• _Data excerpt_:

***

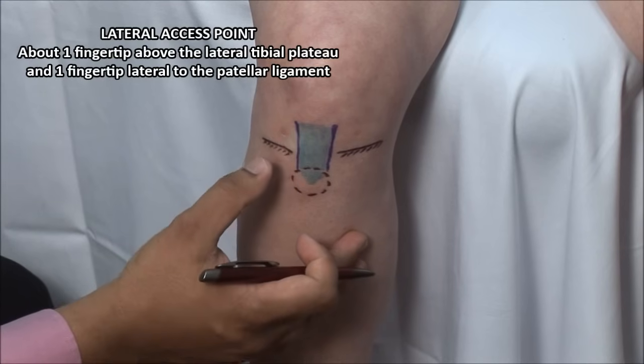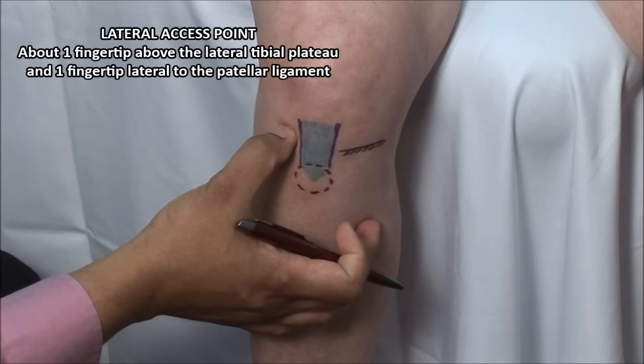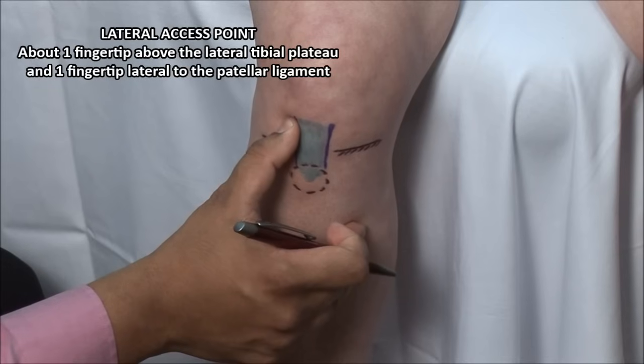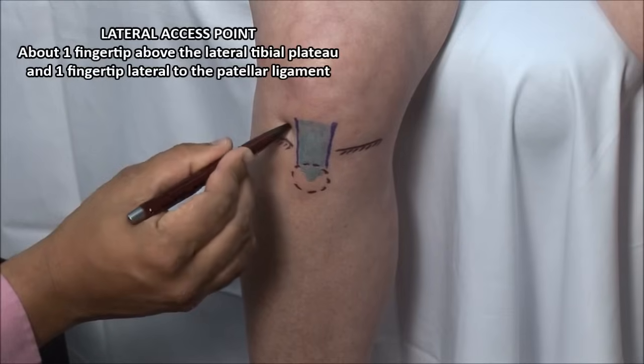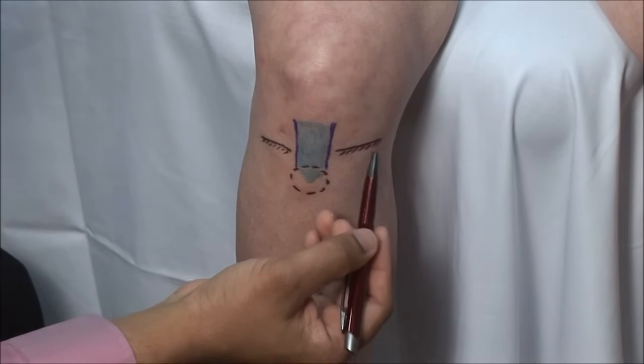Using a retractable pen, mark a point about one fingertip above the plateau to avoid the meniscus, and one fingertip lateral to the patellar ligament in the soft spot. The injection can also be done medial to the ligament.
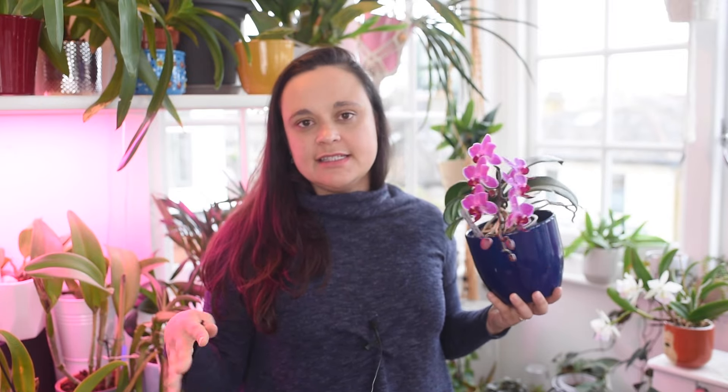Question four: do Phalaenopsis orchids grow back? Some people think that when the flower spike is gone and all blooms are lost, the orchid is no longer alive, and some even throw the plant away. But believe me — if you look after your plant properly, offer some water and a bright space, and wait for the next season, it will come back like a miracle with even more beautiful flowers.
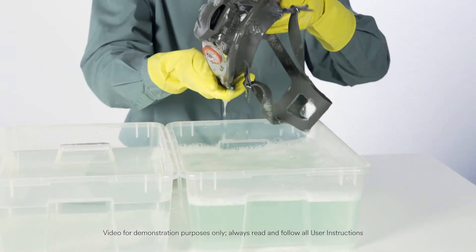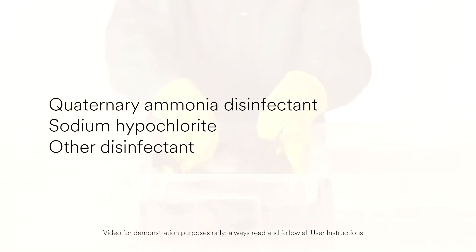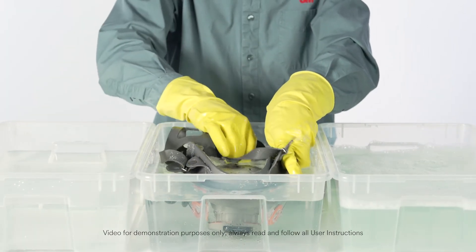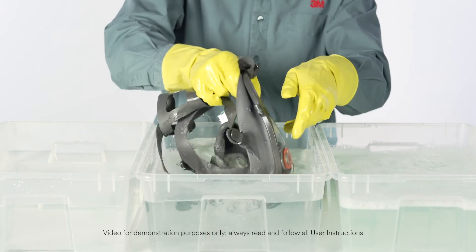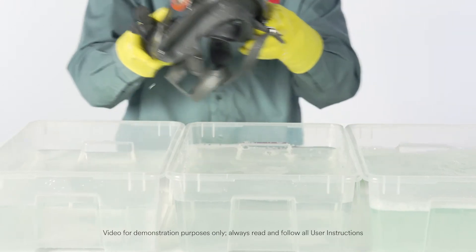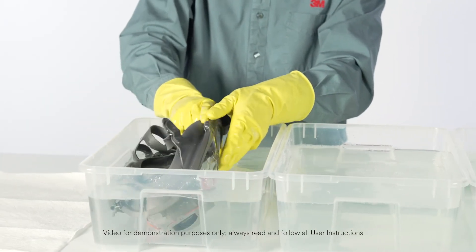Disinfect the facepiece by soaking it in a solution of quaternary ammonia disinfectant, sodium hypochlorite, or other disinfectant. Rinse the facepiece in fresh, warm water and air dry in a non-contaminated atmosphere.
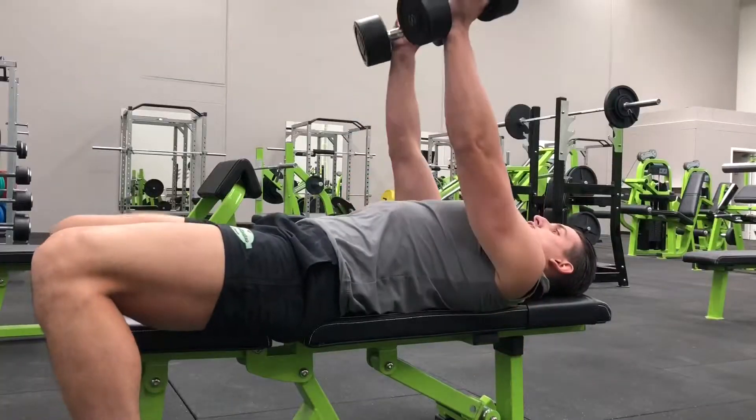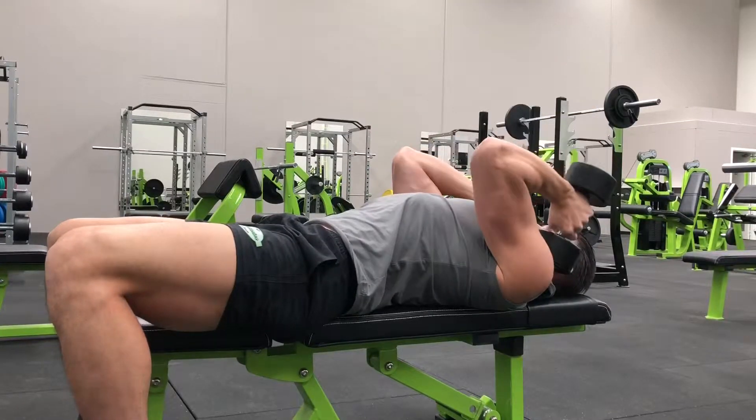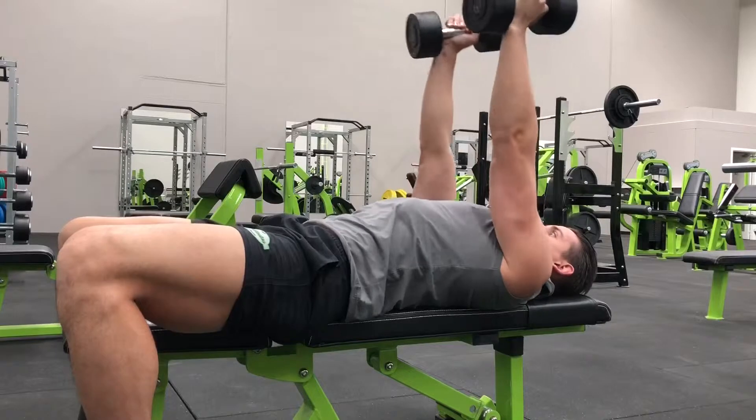As you breathe in, you keep your upper arms stationary with the elbows in, slowly lowering the weight until the dumbbells are near your ears. At that point, while keeping the elbows in and the upper arms stationary, use the triceps to bring the weight back up to the starting position as you breathe out.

***

• _Problem to solve_: Every line of the data should be copied as it stands, without the images.

• _Written reply_:
Using a retractable pen, mark a point about one fingertip above the plateau to avoid the meniscus, and one fingertip lateral to the patellar ligament in the soft spot. The injection can also be done medial to the ligament.
Question four: do Phalaenopsis orchids grow back? Some people think that when the flower spike is gone and all blooms are lost, the orchid is no longer alive, and some even throw the plant away. But believe me — if you look after your plant properly, offer some water and a bright space, and wait for the next season, it will come back like a miracle with even more beautiful flowers.
Disinfect the facepiece by soaking it in a solution of quaternary ammonia disinfectant, sodium hypochlorite, or other disinfectant. Rinse the facepiece in fresh, warm water and air dry in a non-contaminated atmosphere.
As you breathe in, you keep your upper arms stationary with the elbows in, slowly lowering the weight until the dumbbells are near your ears. At that point, while keeping the elbows in and the upper arms stationary, use the triceps to bring the weight back up to the starting position as you breathe out.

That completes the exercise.